I make no wishes, wise or unwise. And I make no conjectures -- only,
when forced, counter-conjectures, to counter others' conjectures.

The actual empirical evidence (neither wish nor conjecture) is that
self-archiving is (1) feasible, (2) being done, (3) beneficial, and (4)
being mandated. Whether and when it ever goes on to generate cancellations
and transitions and redirections is all pure speculation, based on no
empirical evidence one way or the other (except that it hasn't happened
yet, even in fields that reached 100% OA years ago). But if you insist on
asking a hypothetical "what if?" question just the same, I respond with
an equally hypothetical "then..." answer.

The factual part is fact. If wise men have privileged access to the
future, so be it. I have none. I have only the available evidence, and
logic. (And logic tells me that where there's a will, there's a way,
especially if/when the hypothetical cancellation windfall savings that no
one has yet seen should ever materialize. Till then, I'll just go with
the evidence-based four -- self-archiving, self-archiving mandates, OA,
and their already demonstrated feasibility and benefits -- leaving the
speculation to those who prefer that sort of thing.)

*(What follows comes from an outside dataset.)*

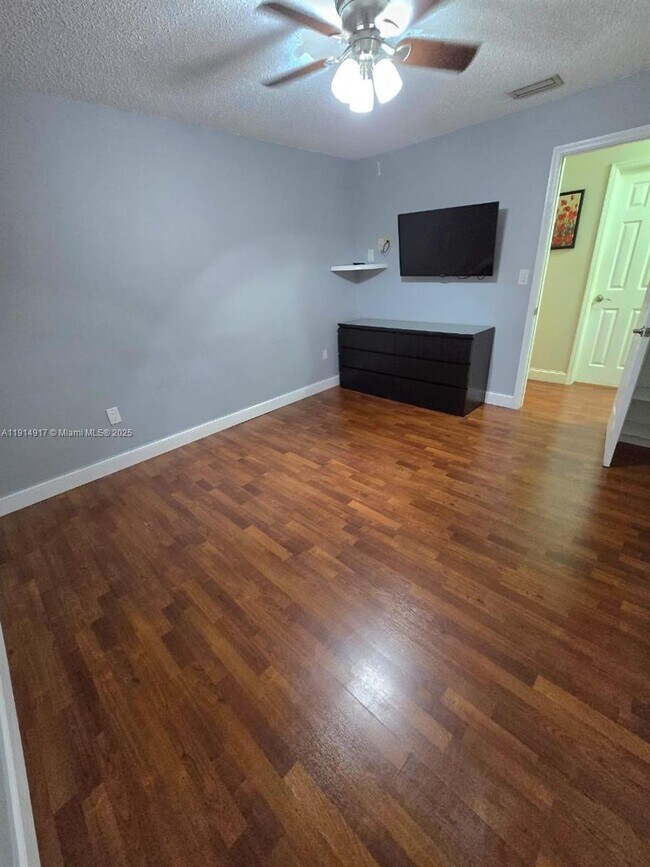 Building Photo - 6395 SW 136th Ct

> Wishing it were so does not make it so. And by talking about
> peer review only, you oversimplify what is involved in journal publishing,
> which requires skills that go beyond simply conducting peer review and
> that
> are not most economically carried out by faculty, who are not trained for
> such tasks and whose dedication of time to them detracts from the exercise
> of
> their main talents as researchers.

Well, I could invoke my quarter century as founder and editor in chief
of a major peer-reviewed journal as evidence that I know what I am
talking about.

But I'd rather just point out that the conjecture about journal publishing
downsizing to just peer-review service-provision is part of the
hypothetical conditional that I only invoke if someone insists on
playing the speculation game. It is neither a wish nor a whim. I am
content with 100% Green OA. Full stop.

Apart from that, I'll stick with the empirical facts of self-archiving,
self-archiving mandates, OA, and their benefits, and abstain from the
hypothesizing.

> You are also wrong in interpreting PRISM as just another repetition
> of the same old tired anti-OA rhetoric. As a member of the publishing
> community whose press is a member of the PSP (but not an endorser of
> PRISM), I can tell you that this is not just more of the same.

If PRISM is making any new points -- empirical or logical -- I would be
very grateful if you point out to me exactly what those new points are.
For all I have seen has been a repetition of the very few and very
familiar old points I and others have rebutted many, many times before.

(You seem to have overlooked the linked list if 21 references I included
as evidence that these points have all been voiced, and rebutted, many
times before. If you send me a list of new ones, it would be helpful if
you first check that list to see whether they are indeed new. The list
is also archived at:
http://openaccess.eprints.org/index.php?/archives/297-guid.html )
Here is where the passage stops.